The professional staffing association, APSCo, revealed earlier this month that the demand for contractors and permanent staff engaged through recruitment agencies in the UK dropped in November last year – something the organisation puts largely down to continued Brexit uncertainty.
The 6% fall in the requirement for contractors and the 3% decrease in permanent staff vacancies year-on-year is said to have resulted from the chaos that continues to define Brexit, which has impacted overall business confidence and in-turn the hiring intentions of companies.
Ann Swain, APSCo’s Chief Executive, explained the situation;
“Ongoing uncertainty around Britain’s future relationship with the EU, combined with predictions that the UK economy is forecast to fall in GDP rankings, means that employers are becoming more cautious with regards to future hiring.”
Nonetheless, permanent placements were said to have increased by 4% in the year to November. However, the same cannot be said for contractors out on assignment in the same period; this dropped by 8%.
In fact, the number of independent workers engaged through agencies in 2018 fell across the board, with the exception of the financial services industry which saw a 10% year-on-year increase and an impressive 14% rise in November. This could be considered somewhat surprising given it’s widely believed the UK’s financial services sector will suffer most from a no-deal Brexit.
In general, there are mixed views on how Brexit will impact contractors. The overriding feeling is a negative one, but there are some who believe contractors could profit from economic uncertainty, for the fact that independent workers present less of a hiring risk to companies than permanent staff.

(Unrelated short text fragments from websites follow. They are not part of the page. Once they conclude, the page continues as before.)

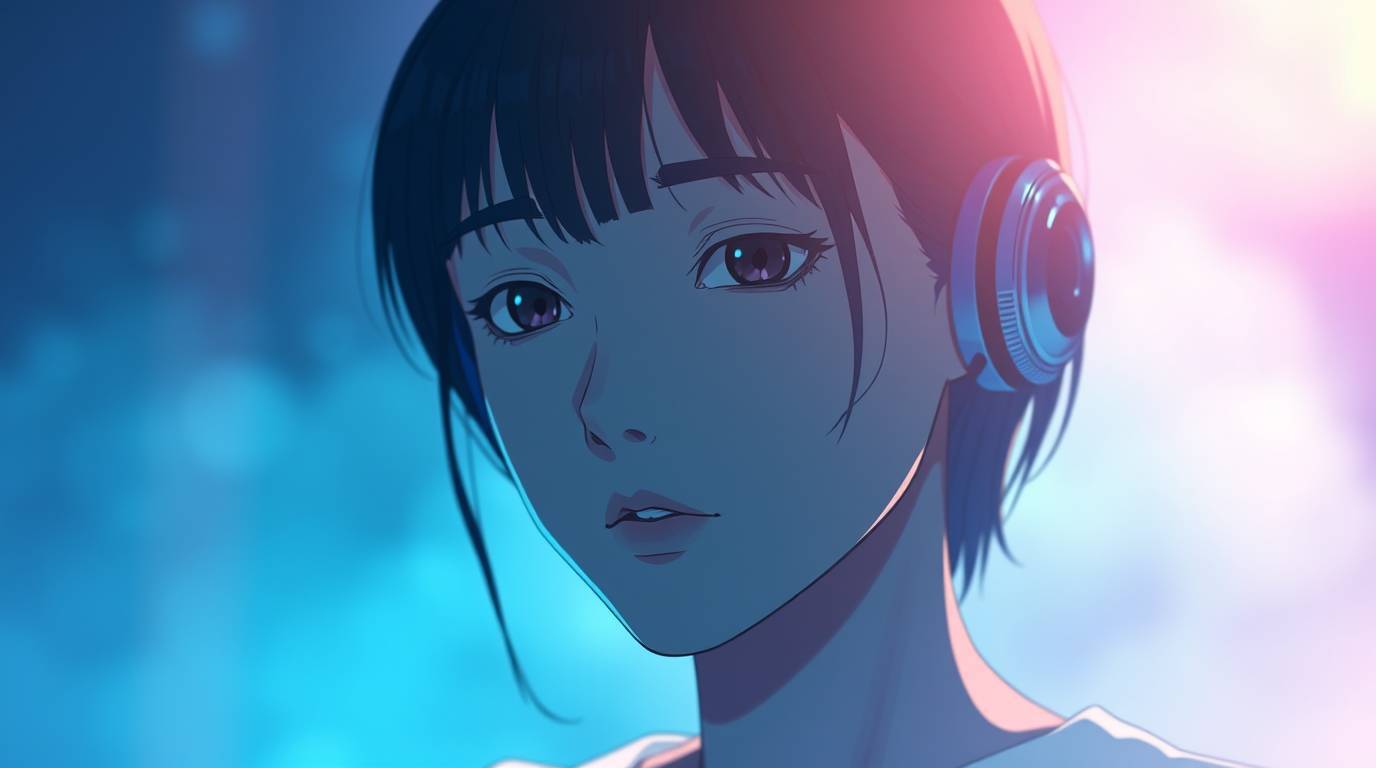 The Day Disney Opened Its AI Vault  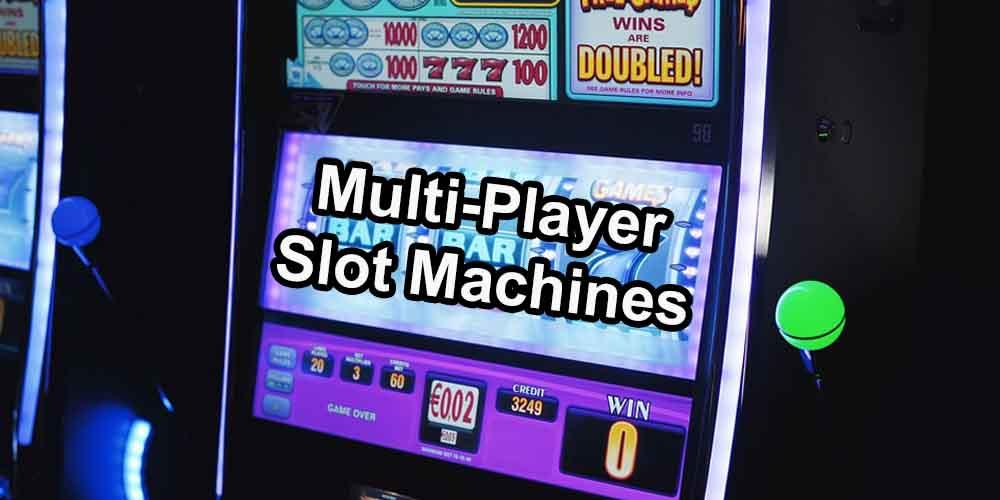 Khám phá Alkemor's Tower trò chơi slot mang phong cách phép thuật hấp dẫn
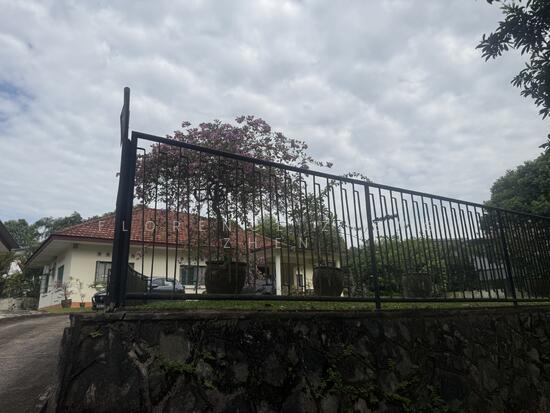 Binjai Park photo 4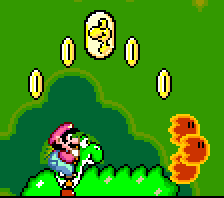 smb4yoshi.gif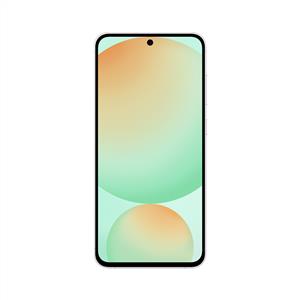Samsung Galaxy S24 FE 5g 8/128 Gb Akıllı Telefon Mint Yeşili
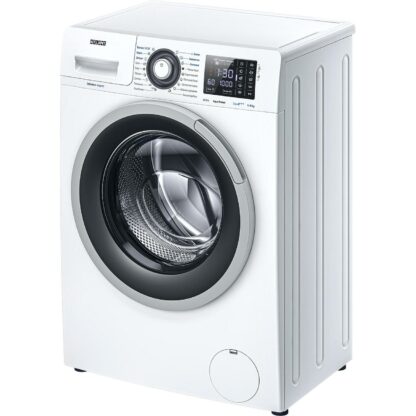 Стиральная машина ATLANT 60У1014-01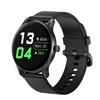 Montre intelligente GS de Haylou,  12 modes d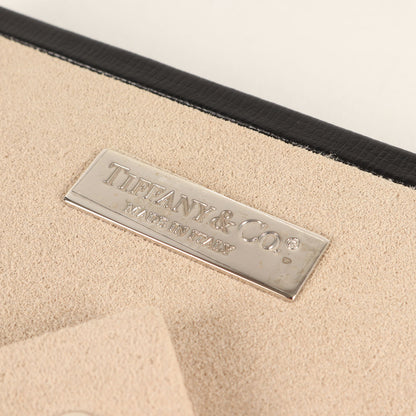 レザー スタンド フォト フレーム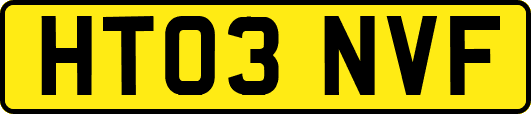 HT03NVF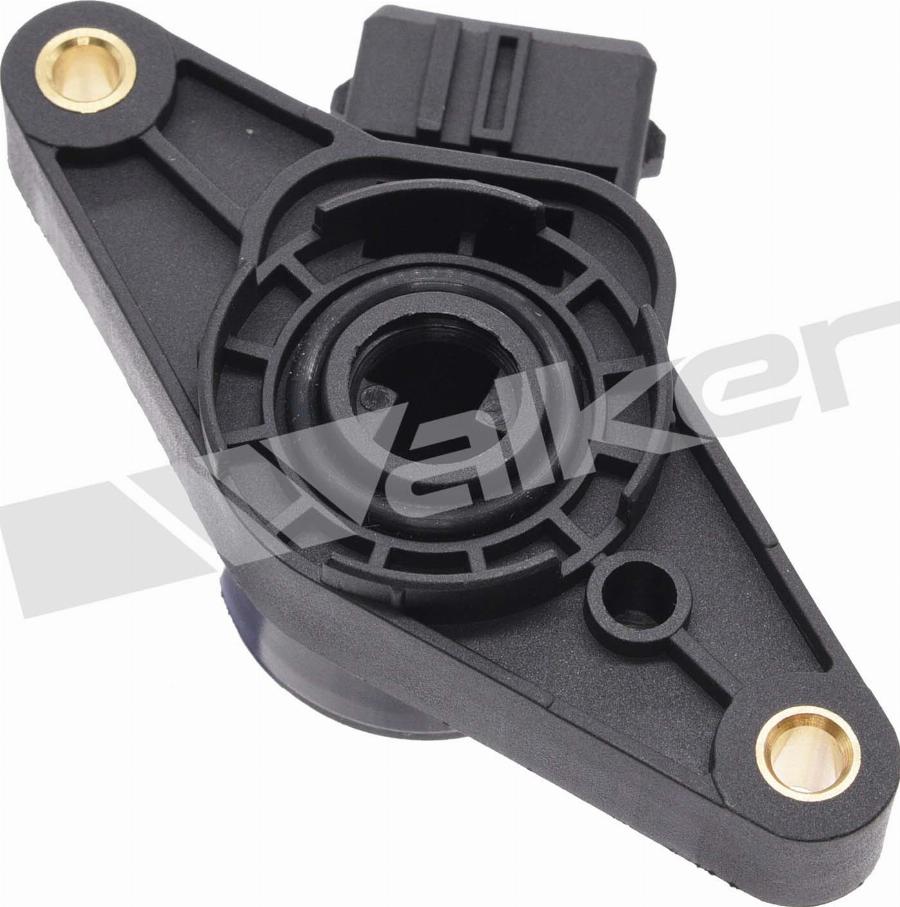 Walker Products 200-1478 - Датчик, положення дросельної заслінки autocars.com.ua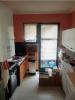 Louer Appartement Artigues-pres-bordeaux 798 euros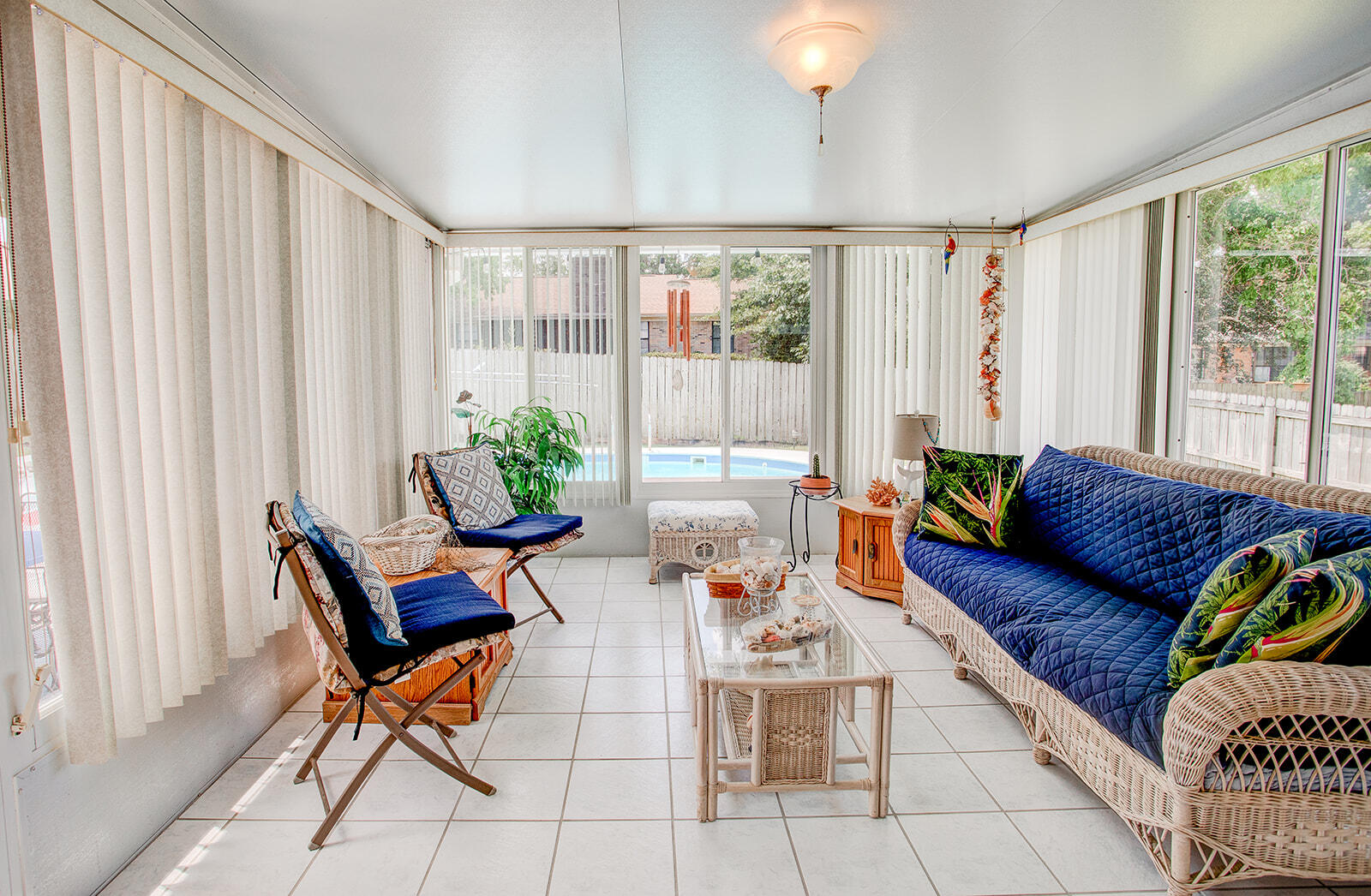 SOUTHVIEW ESTATES - Residential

On the whole, contractors themselves aren’t particularly optimistic. 11% of more than 1200 independent workers told Qdos in September of last year they believe the UK will exit the EU without an agreement in place that best serves Business. This was only four months ago, but since then much has changed. At the time of writing, the chance of the UK leaving the EU with any kind of deal at all hangs in the balance.
There are factors other than Brexit that are thought to have impacted contractor opportunities last year. Most notably, the effects of public sector IR35 reform in 2017 were felt by independent workers throughout 2018.
Even now, nearly two years since the introduction of initial IR35 changes, a number of public sector organisations are reluctant to engage contractors outside the rules. And along with Brexit drama, it was the announcement of private sector reform – set to be introduced in April 2020 – that APSCO’s Ann Swain believes has also decreased demand for contractors.
“The number of contractors out on assignment is notably lower than a year ago, which we suspect is reflective on incoming changes to IR35 in the private sector – and with further changes to legislation around the use of contingent workers now confirmed, it will be no surprise if this trend continues,” she explained.
Meanwhile, permanent placements in IT increased dramatically, by 39% year-on-year in November. It’s not known whether or not this is due to contractors deciding to enter permanent employment as a result of recently announced IR35 changes, but the number of individuals who were considering employment due to reform makes this a possibility. Similarly, the strong upturn in permanent IT staff appointments was a trend also reflected in KPMG and REC’s UK Report on Jobs from the end of 2018.
In contrast to APSCo’s research, KPMG and REC’s study paints a slightly more positive picture overall – albeit one that Brexit has left its mark on. It reports contractor and permanent billings increased but at softer rates in November.
It is worth noting, however, that while temporary placements grew, it was at the joint-weakest rate for just over two years, while the upturn in permanent staff appointments was the second weakest since October 2017. These are unsettling times, said REC’s Chief Executive, Neil Carberry;
“After a long run of strong performance, it seems that employers are getting more nervous as well. Although permanent and temporary placements continued to increase, the pace of growth has slowed since earlier in the autumn.”
With Brexit discussions coming to a head and March 29th – the day the UK leaves the EU – approaching fast, the jobs market will benefit from certainty one way or another in due course, said REC’s CEO.
“More clarity on the future path of Brexit and immigration will underpin business and consumer confidence, ensuring the UK’s jobs performance remains strong.”